Reproduce, please, the line that holds "Park Kiadó Kert" and all later lines through the end of the entries below, exactly; omit pictures.

----------------------------------------

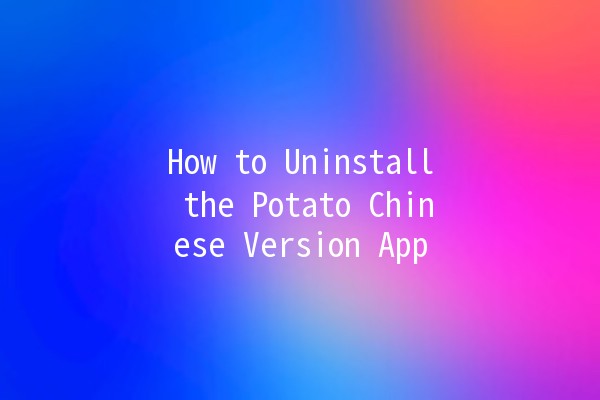 How to Uninstall the Potato Chinese Version App 📱🚀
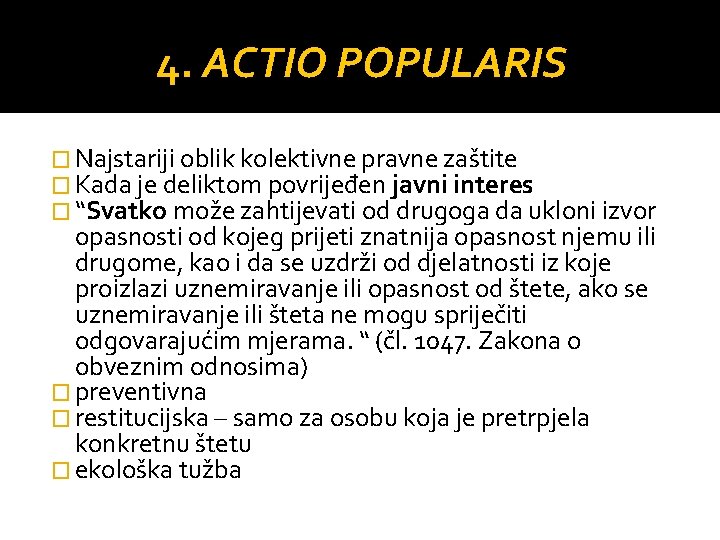 4. ACTIO POPULARIS � Najstariji oblik kolektivne pravne zaštite � Kada je deliktom povrijeđen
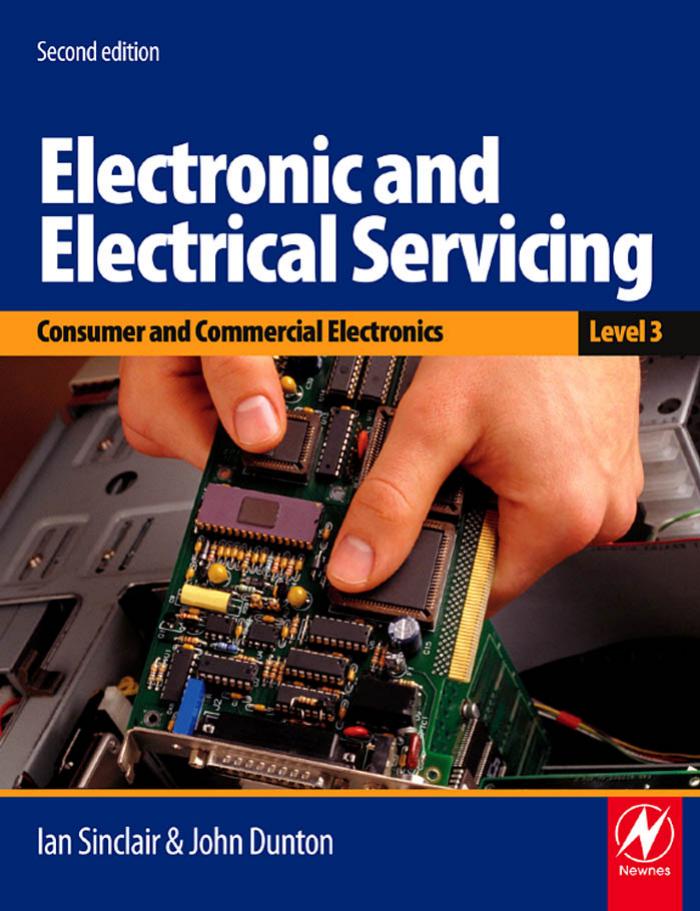 Electronic and Electrical Servicing by Level 3 Second Edition Consumer & Commercial Electronics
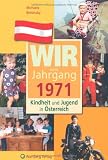 Wir vom Jahrgang 1971 - Kindheit und Jugend in �sterreich
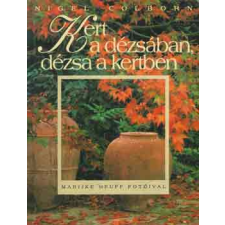Park Kiadó Kert a dézsában, dézsa a kertben antikvárium - használt könyv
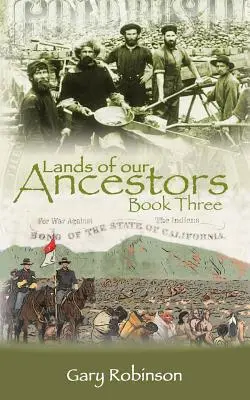 Tierras de nuestros antepasados Libro tercero - Lands of our Ancestors Book Three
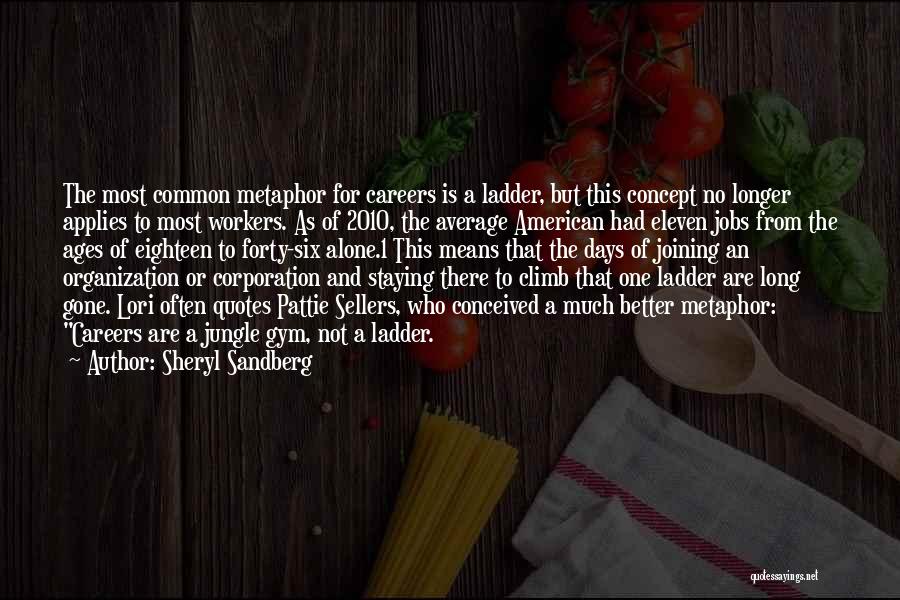 Careers And Jobs Quotes By Sheryl Sandberg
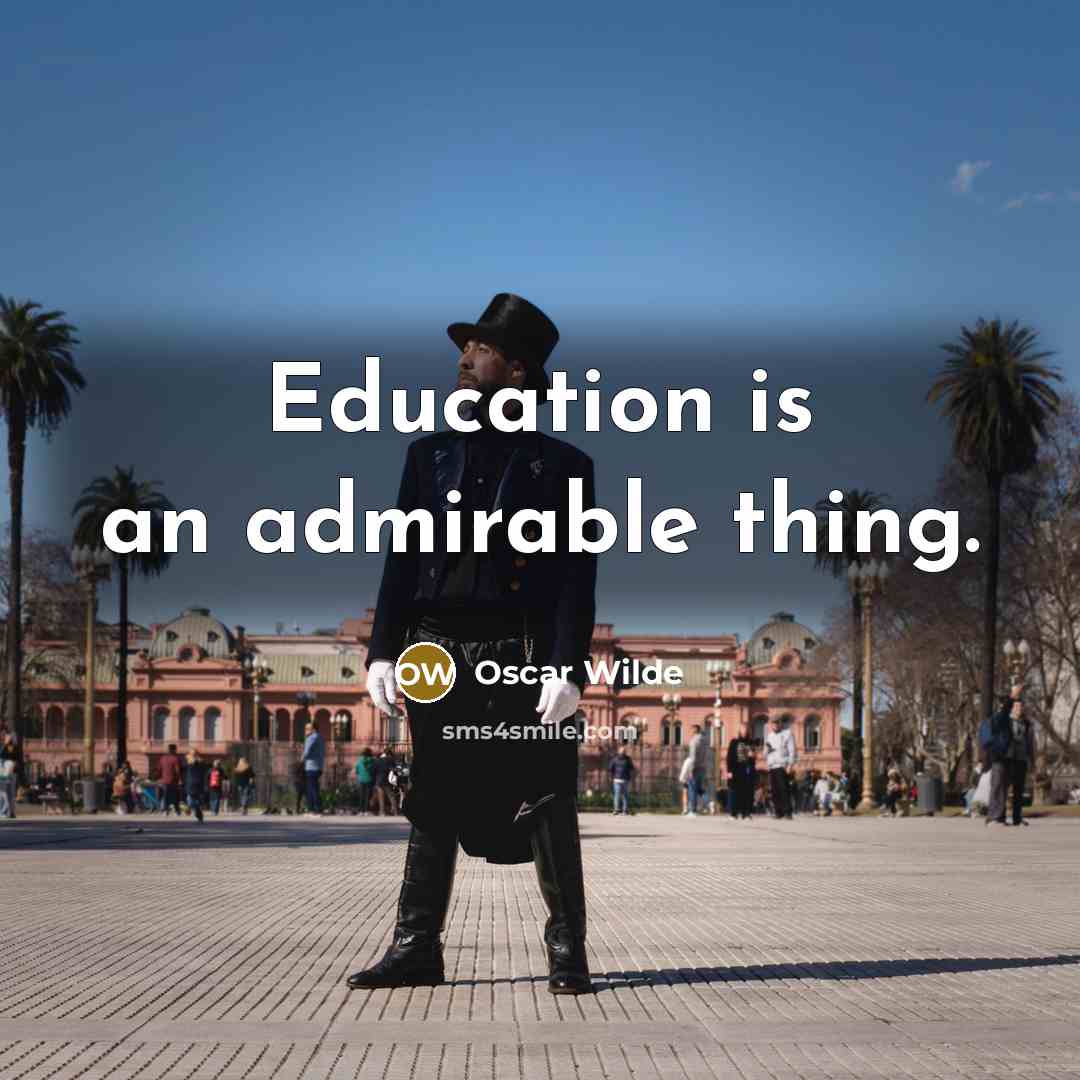 “Education is an admirable thing.…” quote by Oscar Wilde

----------------------------------------

Result for this task –
Park Kiadó Kert a dézsában, dézsa a kertben antikvárium - használt könyv
 Tierras de nuestros antepasados Libro tercero - Lands of our Ancestors Book Three
 Careers And Jobs Quotes By Sheryl Sandberg
 “Education is an admirable thing.…” quote by Oscar Wilde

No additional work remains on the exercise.